Others, quoting even more ancient sources from the 1980s and 1990s, claim that the waste from a farm is equivalent to a city the size of Victoria, BC.
They’re all wrong. Time to catch up to the latest science.
Studying the Hardangerfjord
The Hardangerfjord is the second-largest fjord in Norway and possibly the most beautiful. It’s also home to enough salmon farms to produce 70,000 metric tonnes of fish each year. That’s nearly equivalent to the total capacity of all salmon farms in BC.
According to research published just two years ago, all the salmon farms in the Hardangerfjord produce 7,000 tonnes of particulate organic waste (as well as organic phosphorus and nitrogen, included in the 7,000 tonne total); 127 tonnes of dissolved inorganic phosphorus and 770 tonnes of dissolved inorganic nitrogen.

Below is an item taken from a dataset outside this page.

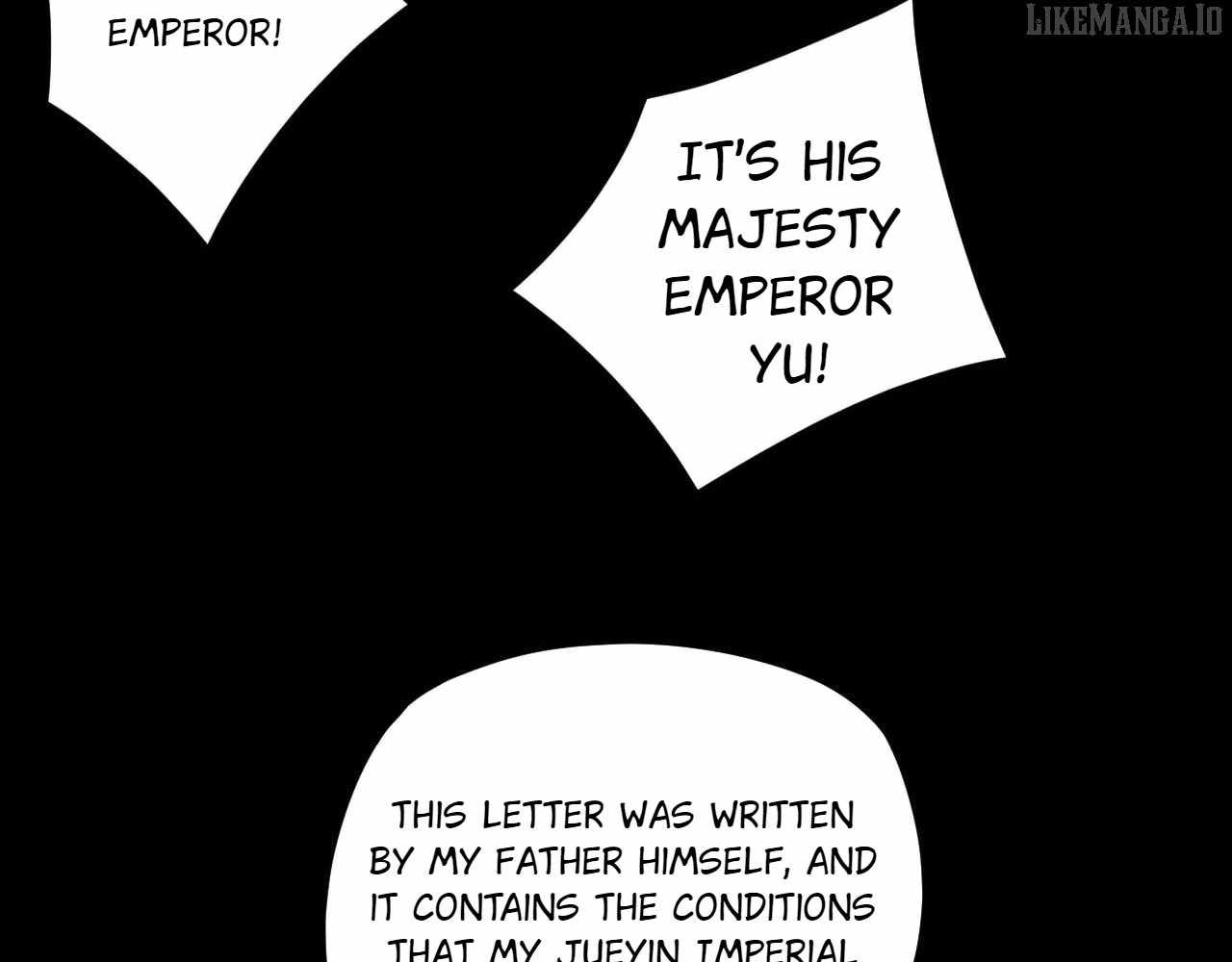 Me, the Heavenly Destined Villain Chapter 285 - Page 50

So all the farmed salmon in the Hardangerfjord produce 7,897 tonnes of waste. Considering that the BC industry is very similar to the farms in Hardangerfjord, with very similar fish, feeding practices and almost identical feed, it’s pretty safe to assume that the BC industry produces about the same amount of waste per year as Hardangerfjord.
Fish poop vs human poop vs cow poop
The average human makes about 128 grams of poop each day (more after Taco Tuesdays). That’s 46.72 kilograms per year.
That means all the salmon farms in BC, all around Vancouver Island, produce as much poop as 169,028 people each year, and as much poop as 409 dairy cows.
We can’t think of another farming industry that produces so much healthy protein with such little waste.